Please give us a clearer definition around what you see as "Gas and Go". This is not a term in my vernacular, not something that I (personally) use in dialog ever. I'm guessing some people here are also wondering the same thing.
Theoretically:
Whenever I hear the term "Gas and Go" on this board, I envision that the truck had reached a critically low SOC and that the gas tank for the generator is fully depleted... Basically, the power sources are BOTH on "E", and the driver (for the purposes of this exercise) has limped into a gas station. Now the truck still has a critically low SOC. So, the driver fills the tank for the generator and the Harvester kicks back on and starts producing electricity. Are the "Gas and Go" people saying that simply filling the tank allows a driver to suddenly tear off into the sunset with a 0% SOC on the battery, at full performance because the Harvester suddenly has gas? Does "Gas and Go" = "no wait time"?

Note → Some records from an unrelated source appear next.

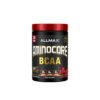 ALLMAX Aminocore BCAA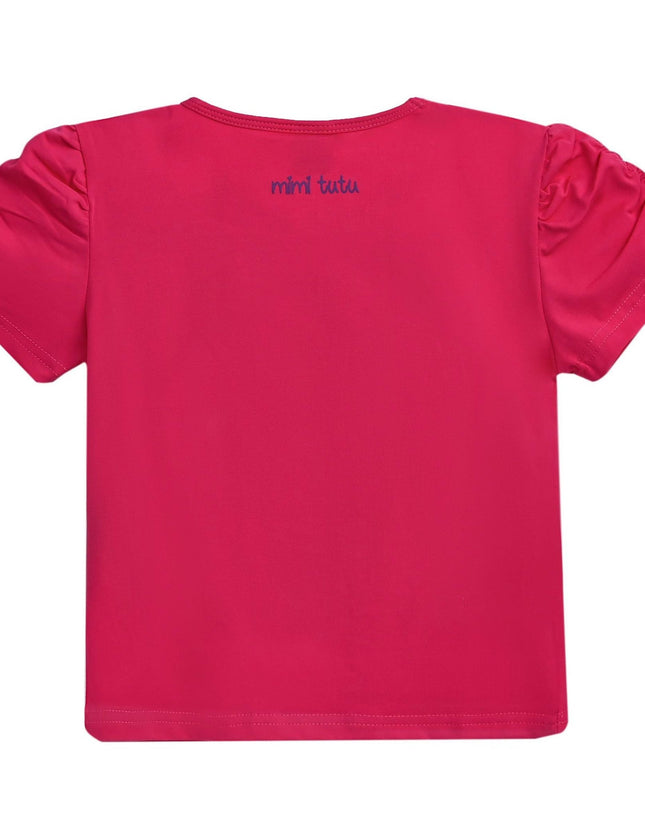 kids-atelier-mimi-tutu-kid-baby-girl-pink-raspberry-unicorn-applique-t-shirt-mt4202-unicorn-raspberry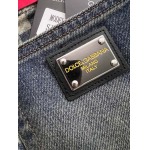 2025年8月30日入荷 新作DGジーパン高級なプレゼント/誕生日プレゼント/高品質/メンツ/記念品/ wenzhou工場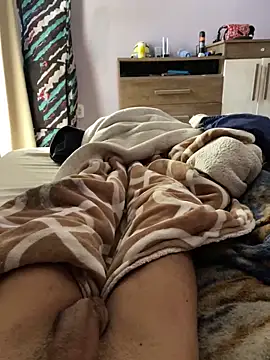 Snapshot of GuioficialBr chatting on 22, 3, 2026 GuioficialBr online show from 22, 3, 2026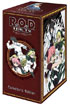 R.O.D. The TV: The Complete Box Set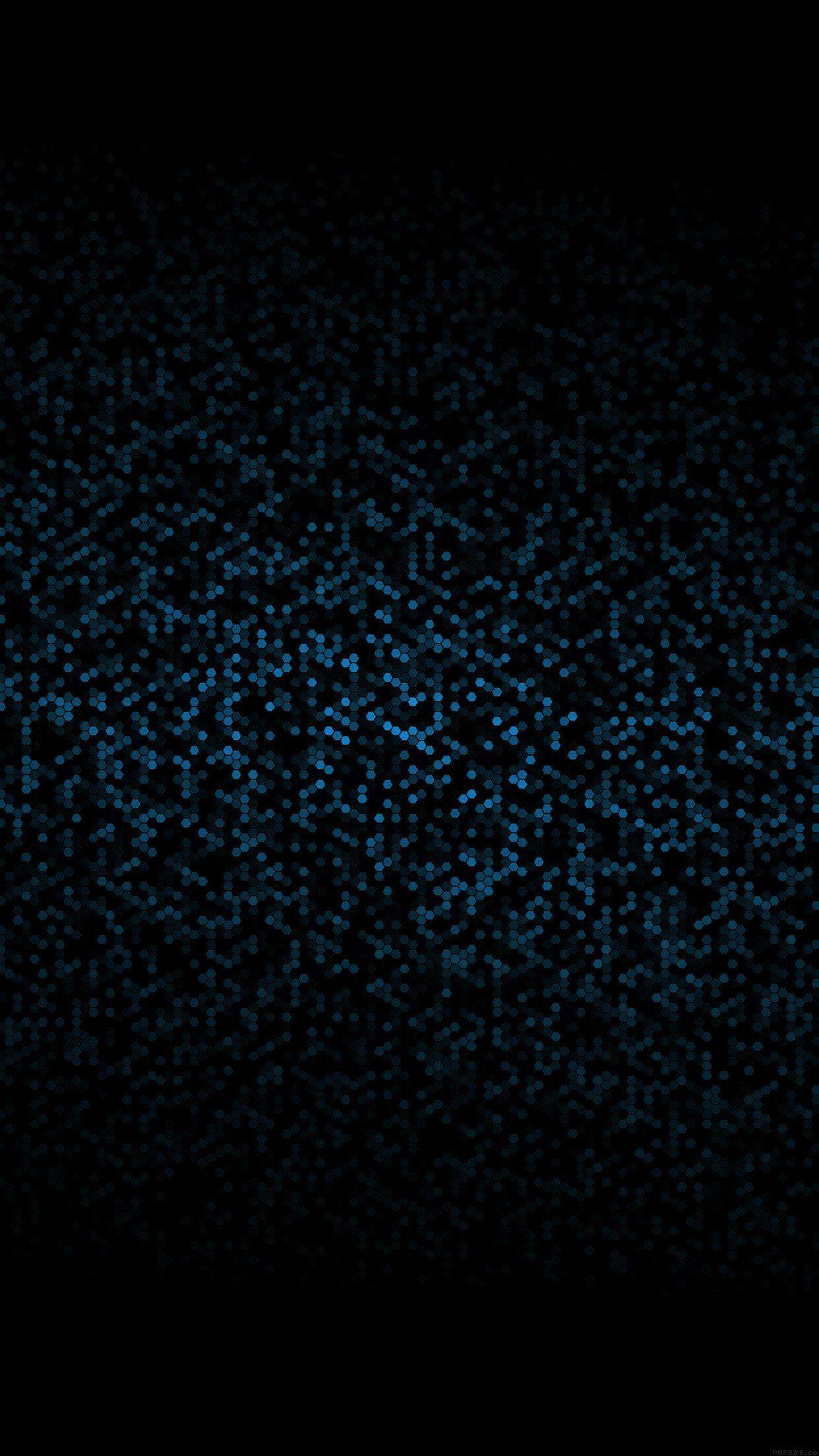 Black iPhone 6 Plus Wallpapers Top Free Black iPhone 6 Plus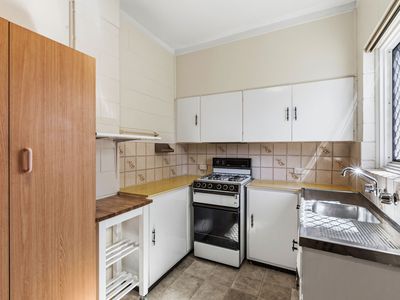 6 / 14 Kyle Street, Glenside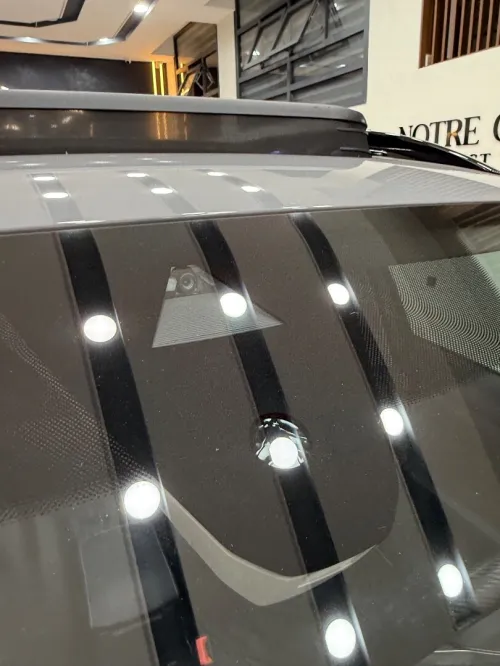Volkswagen Tharu  2025 XR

That would not be my expectation with a small generator & a big truck, and based upon what I have heard so far. I would envision that you would need to run the Harvester (once filled) for some defined amount of time to reach at least a 10%-20% SOC before departing (for example) after the filling the Harvester tank. Isn't that the entire point of having a DEFINED range? If the truck were able to take gas and simply drive away immediately with ZERO battery, then how is a Scout any different from a HYBRID Truck or PHEV?
Not sure where you get negative press from such a capable off-road worthy TRUCK if the implementation allows for a 500 mile range. If you have gone 500 miles, then you want to go another 500 miles (without stopping sooner), I would think that you would have to re-charge the battery and you would need to re-fill the tank.
Gas and go is a term that has definitely been used with EREV's. Not sure where I heard it first, but since I heard it, I have been using it. It means exactly what it sounds like. Essentially where the generator can generate enough electrical output for the vehicle to continue driving while maintaining a state of charge.
You get gas, and you keep driving. I envision it working it very similarly to how most PHEV's operate. Where the SOC drops to some specified point, and the generator kicks on.
That point for the ramcharger is apparently 16%. But in "Tow mode" they increase the buffer to 35%, to help on mountain passes/etc.
FWIW, the Harvester UI on the scouts from CES had a user selectable "when does the harvester turn on" point, where it appeared you could drag/drop the point anywhere you wanted, presumably up to "turn on at 100%".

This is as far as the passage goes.